Data Inspection and Analysis using LLMs

Learning Objectives

By the end of this session, participants will be able to use ChatGPT effectively to inspect, explore, and generate insights from datasets, and to accelerate common analytical workflows through prompt engineering.

Dataset Inspection
- examine missing values
- calculate summary statistics
- transform data
Statistical Analysis
- generate time series plots
- identify potential analytical directions
- create report-ready narratives using natural language generation
- export code for reproducibility

1 Who and why to use ChatGPT for data analysis?

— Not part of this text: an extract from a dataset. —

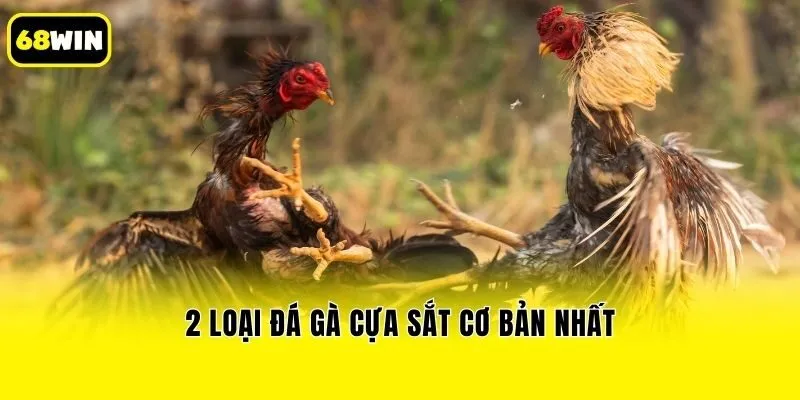 2 Loại đá gà cựa sắt cơ bản nhất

If you’re not a programmer or statistician, ChatGPT can help you understand the overall story of your dataset by breaking down key patterns, trends, and issues in plain language.
If you’re working on a data synthesis project and need to filter through multiple datasets, ChatGPT can assist in rapidly exploring each dataset—using visualizations and summaries—to help you decide which ones are most relevant for your goals.
If you want to apply statistical methods but don’t recall all the details, ChatGPT can suggest appropriate techniques based on your data and research questions, and generate ready-to-use code for implementation in Python or R.
If you need to produce a quick data report, ChatGPT can significantly speed up the process by generating summary statistics, visualizations, and clear written narratives tailored for stakeholders or publication.

2 Dataset Inspection

Uploading tabular data directly from your computer is recommended, as it ensures ChatGPT has access to the exact dataset you intend to analyze. Sharing a link may not always work reliably, especially if the data is behind access restrictions or changes dynamically.
Looking for a dataset to practice with? Try the SBCLTER annual fish survey. For free version of the ChatGPT, try dataset that is smaller than 8 KB, such as Subset version of the annual fish survey.
In each section below, the example prompts are provided. You can copy and paste it into ChatGPT, or type your own prompts.

ChatGPT prompt

Tell me about this dataset, and what types of data does it contain?
Which columns are affected by the missing values and how many missing values are in each column.
Provide summary statistics (mean, median, std, min, max) for count and size column, and unique values for the site, and year columns.
Convert this data table to wide format using sp_code as header and count as value

3 Statistical Analysis

ChatGPT prompt

a. Time series plot

Create a time series plot of the total species count, with year on the x-axis and count on the y-axis. Use different colors for each site.
Create a time series plot of the top 5 most abundant species, with year on the x-axis and count on the y-axis. Use different colors for each site.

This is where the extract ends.